Transcribe word for word the section of the records below that opens with the line containing "Curi� de Judas - Feira de J�ias" and closes with the line containing "Flat for sale"; drop every picture.

EXERCISE INPUT.
--- START ---

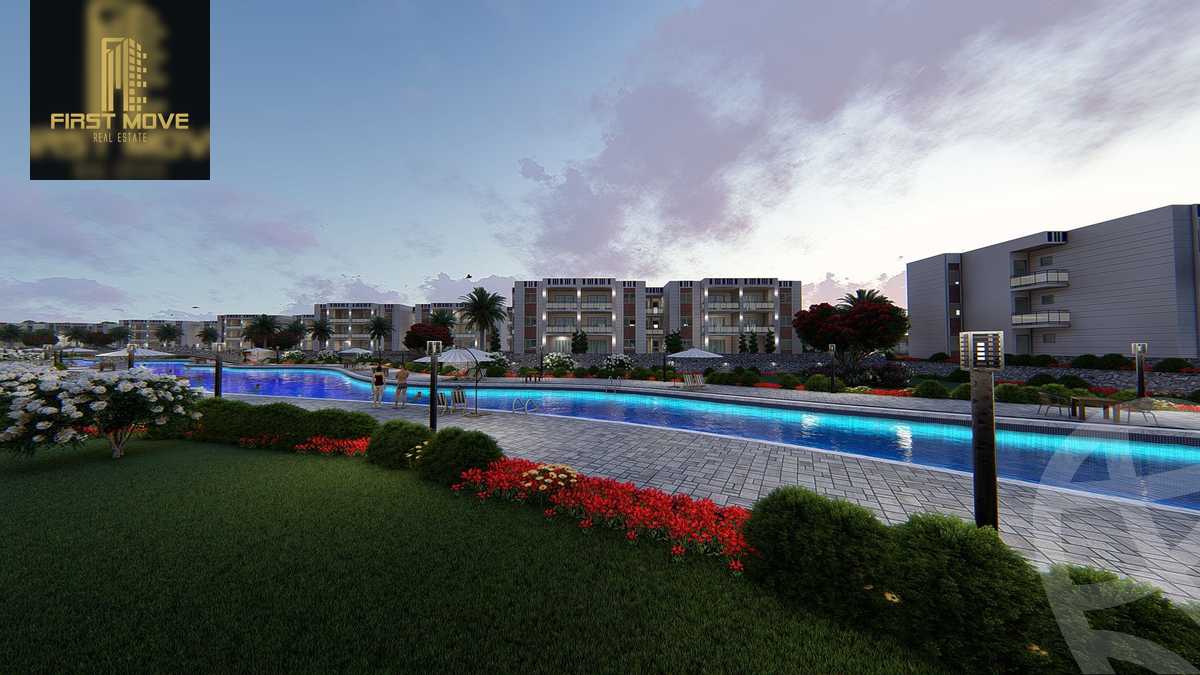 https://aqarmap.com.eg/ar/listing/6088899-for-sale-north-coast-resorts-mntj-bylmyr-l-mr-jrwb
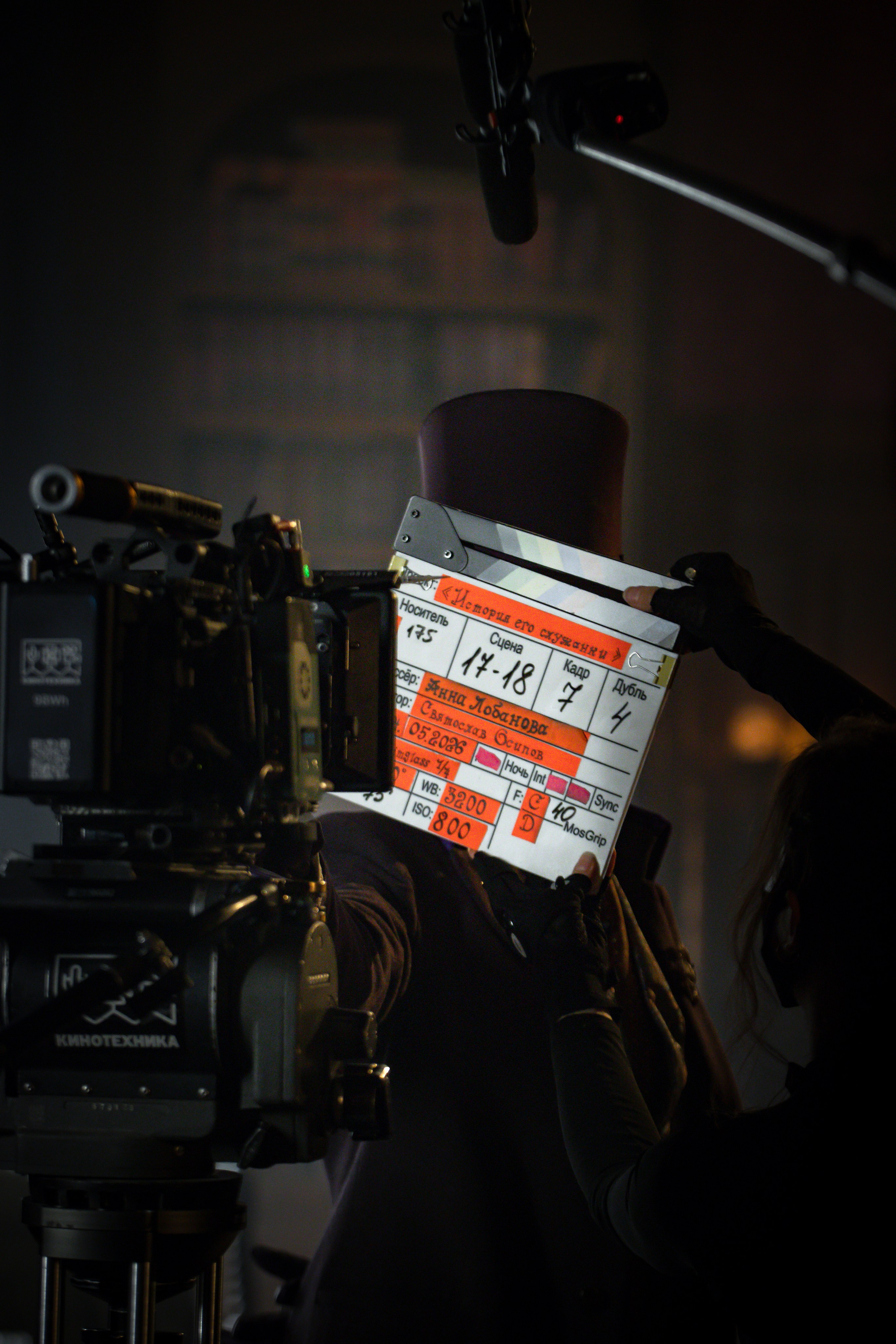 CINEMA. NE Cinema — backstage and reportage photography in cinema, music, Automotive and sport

--- END ---
--- START ---

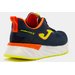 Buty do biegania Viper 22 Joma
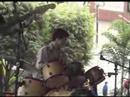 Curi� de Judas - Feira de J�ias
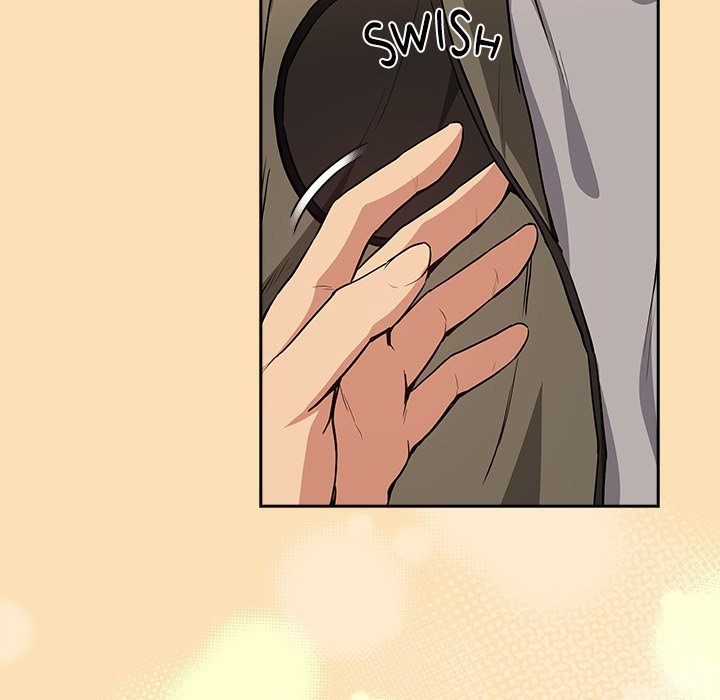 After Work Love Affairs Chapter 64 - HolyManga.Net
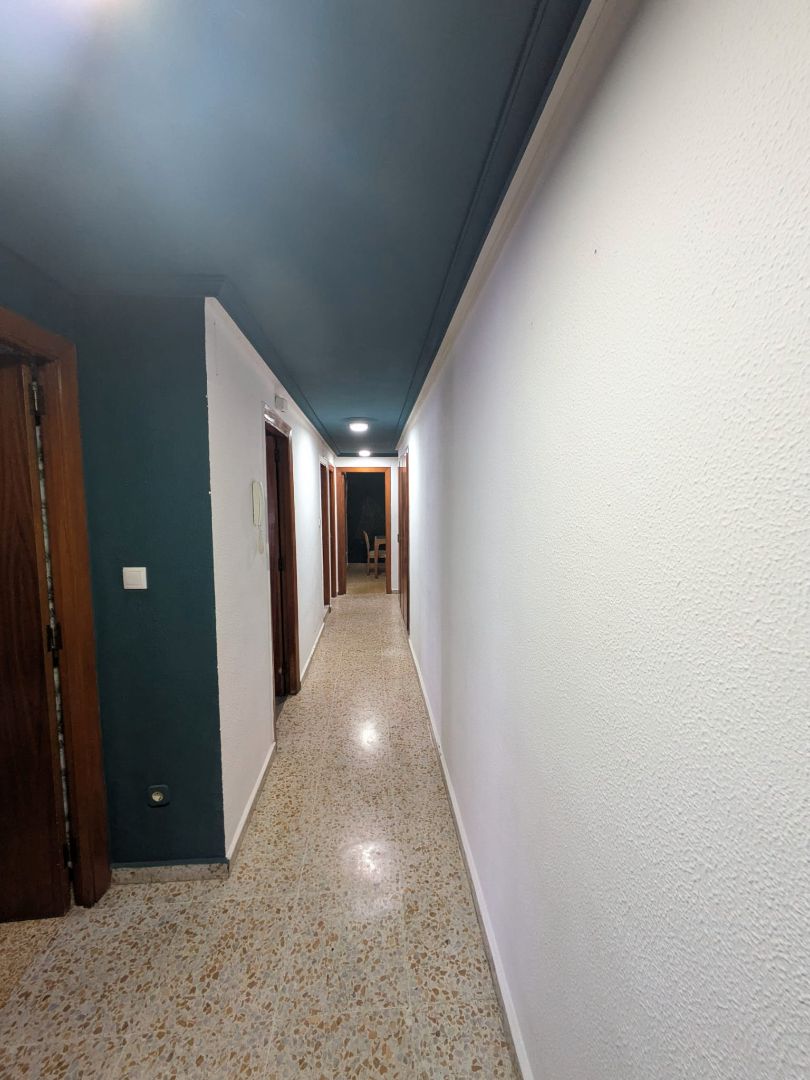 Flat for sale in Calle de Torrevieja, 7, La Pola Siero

--- END ---
--- START ---

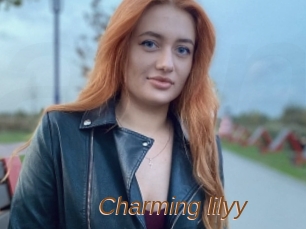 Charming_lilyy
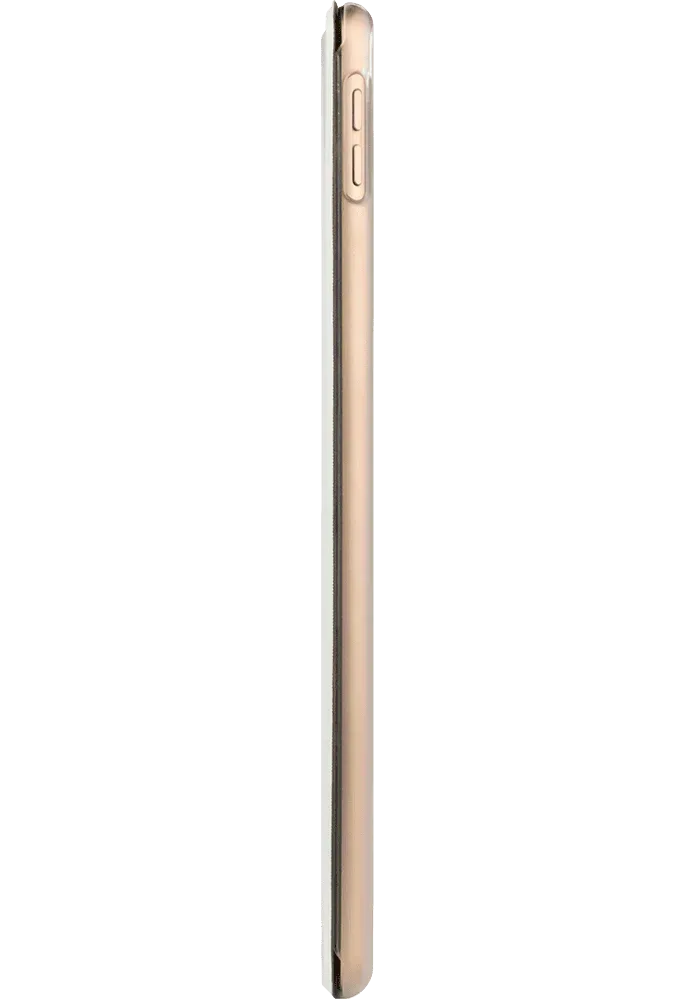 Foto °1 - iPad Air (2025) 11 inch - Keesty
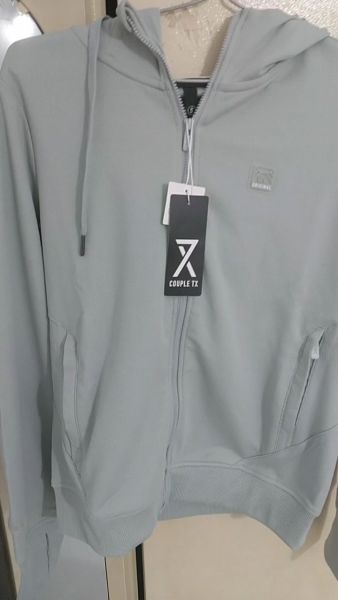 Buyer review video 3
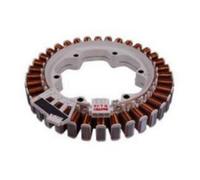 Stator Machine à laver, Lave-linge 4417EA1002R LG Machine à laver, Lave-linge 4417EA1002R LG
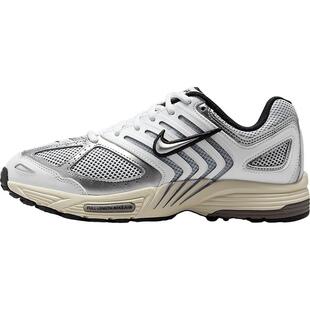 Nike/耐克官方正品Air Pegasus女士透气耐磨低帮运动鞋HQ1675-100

--- END ---

YOUR RESPONSE.
 Curi� de Judas - Feira de J�ias
 After Work Love Affairs Chapter 64 - HolyManga.Net
 Flat for sale in Calle de Torrevieja, 7, La Pola Siero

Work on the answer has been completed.